Review | Book review: with Dylan, Sinatra and Jagger, behind the scenes at a New York studio

Glenn Berger was an engineer with A&R Recording from the golden age of the 1970s onward and saw musical history being made daily

Never Say No to a Rock Star: In the Studio with Dylan, Sinatra, Jagger and more …
By Glenn Berger
Schaffner Press

An acquaintance and former major record company employee once told me that all rock stars are crazy. As an example, he cited Elvis Costello, who was “nuts” merely insofar as he wanted to do nothing but play and write music, every day, to the exclusion of almost everything else.
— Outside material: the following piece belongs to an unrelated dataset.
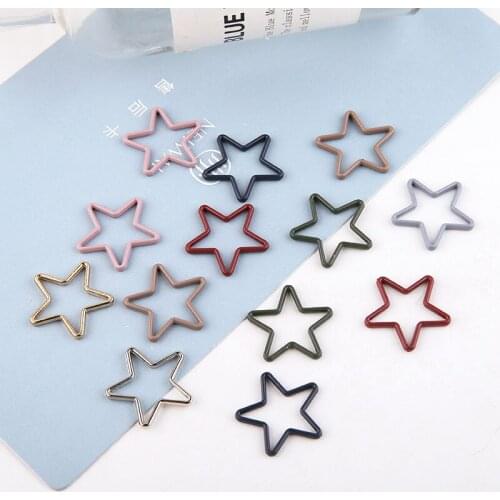 Mini Order 10pcs 21*21mm Rubber Enamel Alloy Hollow Out Stars Charms Fit Fashion Earring Necklace Keyring Bracelet Decoration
Never Welcome to the weird, wired world of rock ’n’ roll, here sketched from the perspective of someone who was there – and who was at sufficiently close quarters to the business during the golden age of the 1970s and stars such as Bob Dylan to be able to give more than the same old booze-drugs-groupies account (don’t worry, they’re all here, too).

Glenn Berger.
Glenn Berger was a recording engineer and producer with A&R Recording in New York and from his privileged position (although as a 17-year-old “schlepper” just starting out, it didn’t always seem privileged) he witnessed musical history being made daily. And yes, chronic entitlement and continual craziness propped up the pursuit of musical magic: Paul Simon, notes Berger, was “driven by some mysterious demon that relentlessly demanded perfection”. Berger’s studio revelations can’t help but be enthralling: it’s only rock ’n’ roll, but we still like it.